### ACTIVITY
Leave out all images and set down the records exactly as given.

### DATA PROVIDED
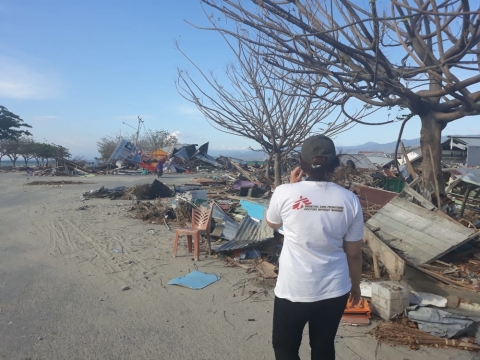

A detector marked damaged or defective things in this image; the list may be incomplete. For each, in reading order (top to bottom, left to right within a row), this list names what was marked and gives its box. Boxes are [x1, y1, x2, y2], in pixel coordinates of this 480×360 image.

broken furniture [173, 202, 213, 258]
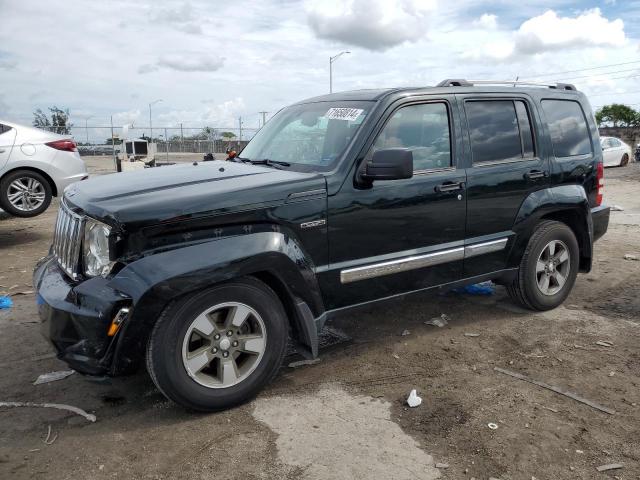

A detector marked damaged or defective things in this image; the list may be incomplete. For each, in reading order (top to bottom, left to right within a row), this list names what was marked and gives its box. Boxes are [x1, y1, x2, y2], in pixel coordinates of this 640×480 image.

damaged front bumper [33, 256, 132, 376]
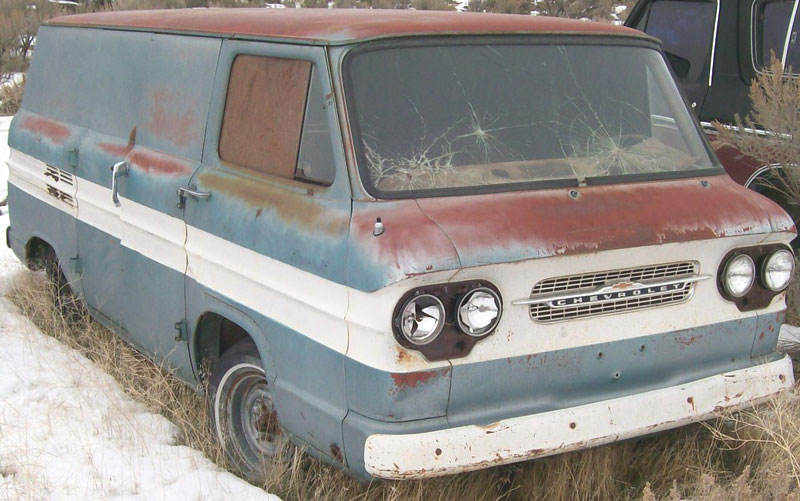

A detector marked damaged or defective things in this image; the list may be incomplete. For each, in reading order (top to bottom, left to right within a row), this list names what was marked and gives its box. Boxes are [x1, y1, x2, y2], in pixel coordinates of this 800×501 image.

faded red rust [48, 9, 636, 44]
faded red rust [19, 114, 70, 144]
cracked windshield [346, 41, 716, 193]
faded red rust [131, 148, 195, 176]
faded red rust [416, 176, 796, 260]
faded red rust [390, 370, 438, 388]
dented bumper [364, 354, 792, 478]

### OUTPUT FOR THIS EXERCISE
A detector marked damaged or defective things in this image; the list may be incomplete. For each, in reading order (top to bottom, left to right within a row), this list names what was marked and gives its box. Boxes are [x1, y1, x2, y2], in pixel coordinates of this 480×360 image.

broken furniture [173, 202, 213, 258]

A detector marked damaged or defective things in this image; the list may be incomplete. For each, in reading order (top to bottom, left to right within a row), this list names what was marked and gives its box. Boxes are [x1, y1, x2, y2], in pixel coordinates of this 640×480 image.

damaged front bumper [33, 256, 132, 376]

A detector marked damaged or defective things in this image; the list may be incomplete. For each, in reading order (top to bottom, left to right within a row), this list names what was marked and gives its box. Boxes are [x1, y1, x2, y2], in pixel coordinates of this 800×501 image.

faded red rust [48, 9, 636, 44]
faded red rust [19, 114, 70, 144]
cracked windshield [346, 41, 716, 193]
faded red rust [131, 148, 195, 176]
faded red rust [416, 176, 796, 260]
faded red rust [390, 370, 438, 388]
dented bumper [364, 354, 792, 478]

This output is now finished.